On one hand, I think there are times for this sort of approach to life. In particular Rev. Billy Graham has lived by this rule for his entire ministry. In his case, it makes sense. So many are willing to cast aspersions at even the smallest issue or sense of hypocrisy that avoiding even the opportunity for someone to create even the appearance of an issue seems appropriate. For the job he has, and the way ministry works, this seems right.
The article in the Post that has raised this whole issue is a bit odd. The sentence that started this is standalone, not part of a paragraph, and not directly related to either of the two sentences around it. Simply, “In 2002, Mike Pence told the Hill that he never eats alone with a woman other than his wife and that he won’t attend events featuring alcohol without her by his side, either.” The reasoning is that this builds a zone around the marriage.
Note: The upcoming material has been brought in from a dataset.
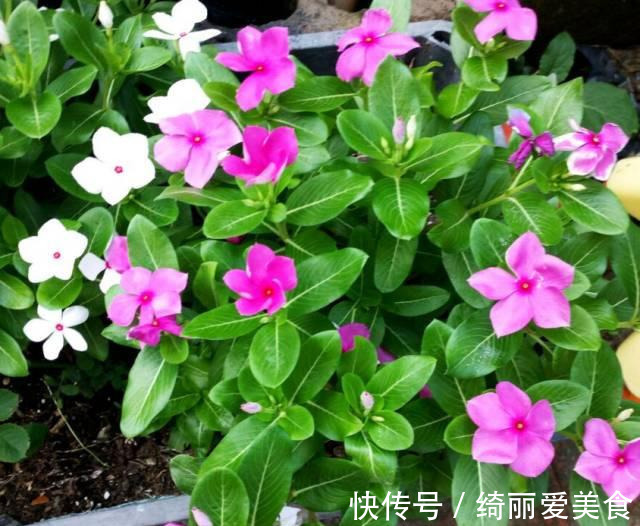 养花技巧:粗生粗养也能四季开花!少养1种都觉得亏了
It leaves a big question though: how does he interact at non-dinner events with a woman? If that answer is out there, I haven’t seen it. And it’s important because if it is dinner events only, it’s much ado about nothing. If it is all types of meetings, it becomes a concern. If he doesn’t meet with a woman or women without someone else around, what he has done is relegated them to a secondary status in the political machine. Much political work is done in private discussions with senior staffers,chiefs of staff, private staff, etc. If a woman in those roles can’t meet with the politician, then she effectively can’t be in those roles in his office or in anyone else’s office that needs to meet with him. And that seems unduly restrictive. And totally patriarchal.
I think what has caused my sense of disquiet has been the reaction of the (religious) right (of which I know many) saying that this situation is as it should be. It bothers me because it conveys a sense of impropriety/danger/problem inherent in individual male-female interactions. It has to be a pair reaction or it’s the appearance of something untoward. It makes it seem as though neither gender can be safe around the other. I ‘get’ that people do wander, stray, cheat, etc. But not everyone, not even most. I have married female friends at work that I talk to one-on-one regularly. At least one of them was a major reason I survived a nervous breakdown 7 years ago (thank you L1!). I value and seek female perspective, especially in a male-dominated work world.
If he wants to value his marriage, great and good. But don’t do so at the expense of others. Take a position where there isn’t the impact on women that comes from politics. Take a position where you don’t limit the role and value of women. Excluding half of the population because they have X not Y seems like bad solution.The world has enough problems; it would be nice if we could bring all our combined resources to deal with them.